BEGIN Dataset excerpts

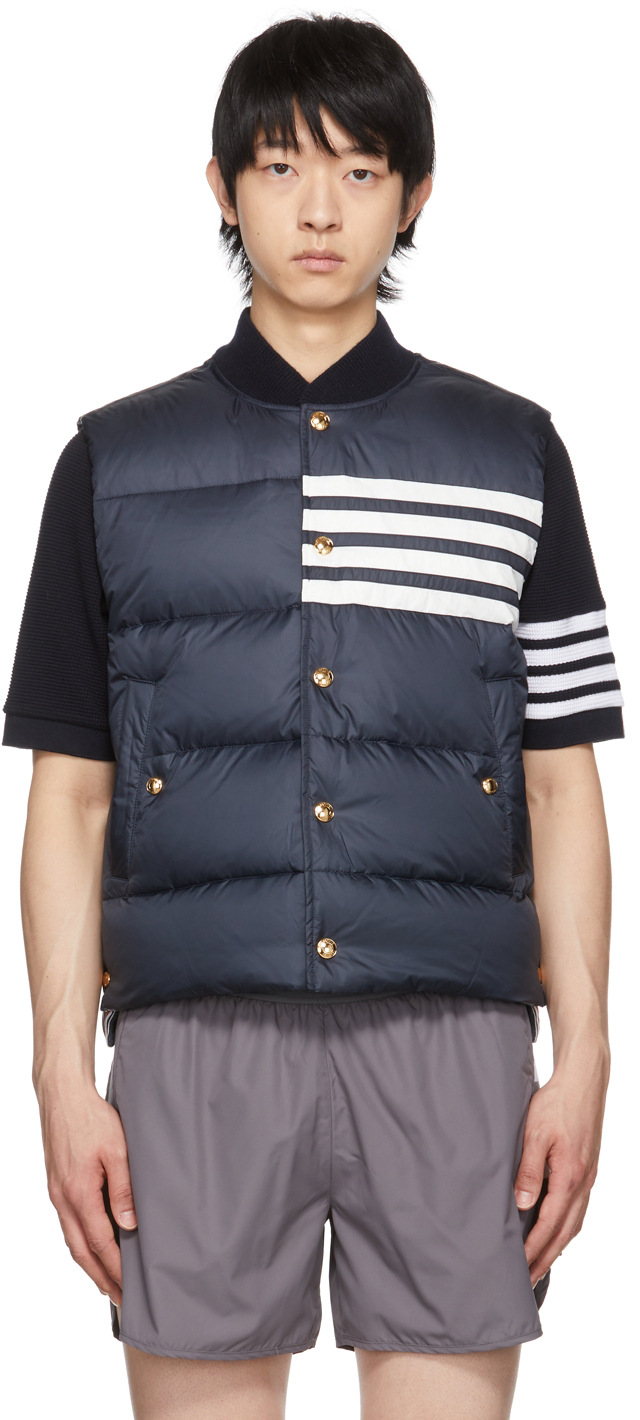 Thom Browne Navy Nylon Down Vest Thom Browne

END Dataset excerpts
BEGIN Dataset excerpts

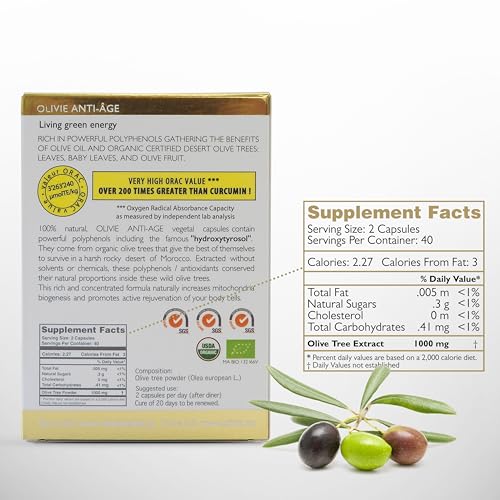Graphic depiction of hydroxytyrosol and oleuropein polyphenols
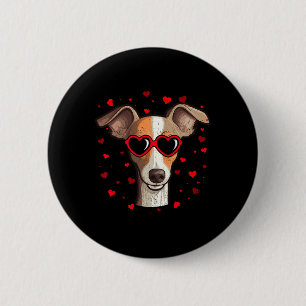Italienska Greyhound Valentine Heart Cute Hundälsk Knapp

END Dataset excerpts

• Task
Copy needed, without pictures: the lines of the listing above from the line containing "Graphic depiction of" up to and including the line containing "Italienska Greyhound Valentine", set down exactly.

• Result for this exercise
Graphic depiction of hydroxytyrosol and oleuropein polyphenols
Italienska Greyhound Valentine Heart Cute Hundälsk Knapp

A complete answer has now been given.